The European Stability Mechanism which defines itself as “an important component of the comprehensive EU strategy designed to safeguard financial stability within the euro area”, posts in the first page of its Internet location, the appreciation of its creditworthiness by the Fitch agency. Along the same lines the European Financial Stability Facility (EFSF) which was created to “safeguard financial stability in Europe by providing financial assistance to euro area Member States”, praise itself about the good ratings by the three agencies.

A Press release by EFSF makes detailed references to the ratings of the three agencies, presumably because the Facility’s directors consider the three agencies as very important for the activities of EFSF/ESM, which mainly consists of convincing investors to buy their debt paper.

The press release goes like this: “the European Stability Mechanism (ESM) and European Financial Stability Facility (EFSF) take note of the decision by Moody’s to change both entities’ long-term rating from Aaa to Aa1. Moody’s decision follows the recent change of France’s long term rating from Aaa to Aa1. ESM and EFSF continue to be assigned the best possible long-term by Fitch (AAA) and the best and short-term credit rating by Fitch and Moody’s. This underlines ESM’s uniquely robust capital structure and the solidity of EFSF”.

No wonder why EFSF/ESM, the two most important financial instruments of the European Union, with a combined endowment of at least €700 billion, do not seem ready to abandon the services of the three rating agencies. Not in the foreseeable future.

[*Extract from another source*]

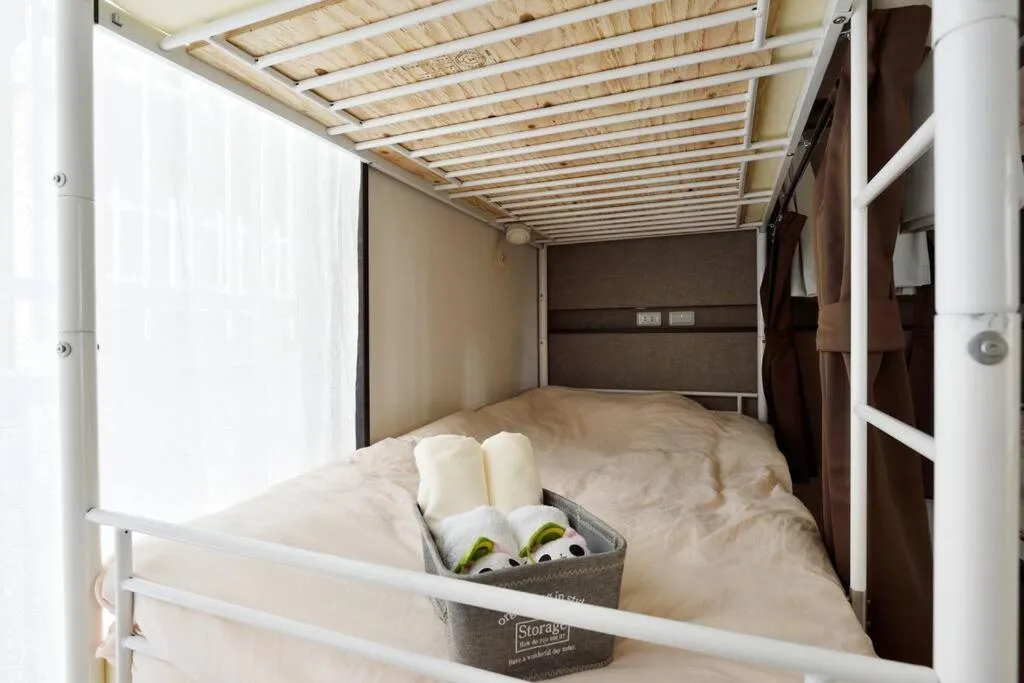 Bed in Keimei Guest House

In any case the European parliamentarians voted some very pertinent restrictions. Or at least this is what they believe they did. According to the Parliament’s press release the new rules “will allow agencies to issue unsolicited sovereign debt ratings only on set dates, and enable private investors to sue them for negligence. Agencies’ shareholdings in rated firms will be capped, to reduce conflicts of interest. MEPs also ensured that the ratings are clearer by requiring agencies to explain the key factors underlying them. Ratings must not seek to influence state policies, and agencies themselves must not advocate any policy changes, adds the text. The rules have already been provisionally agreed with the Council”.

All those restrictions are very well conceived. The problem is however that the three agencies are based in New York and this fact presents certain practical difficulties. It is also a fact that in the United States do not exist such restrictions on the activities of the rating agencies. Actually in the US there are very few restrictions on the entire financial sector.

As a result these new rules voted by the European Parliament and agreed with the Council, would have a very restricted, if any at all, practical impact on the activities of the European Union’s financial industry. It is inconceivable the financial markets of London, Frankfort, Paris and all over the 27 EU countries to change even slightly their attitude towards the three rating agencies.

Unfortunately the role that those agencies play for our Western financial system is so “systemic”, that the European Parliament cannot touch them. The three agencies are a constitutional part of the triangle US-Europe-Japan financial system and they feed directly the banking leviathan.

Consequently the title given to this story by the press services of the European Parliament, “Tougher credit rating rules confirmed by Parliament’s vote”, does not reflect reality. They are tougher but in order to be “rules” they must have a direct and immediate impact, which they don’t. So at the end they are not rules at all and the Parliament confirmed once more it’s rather decorative character.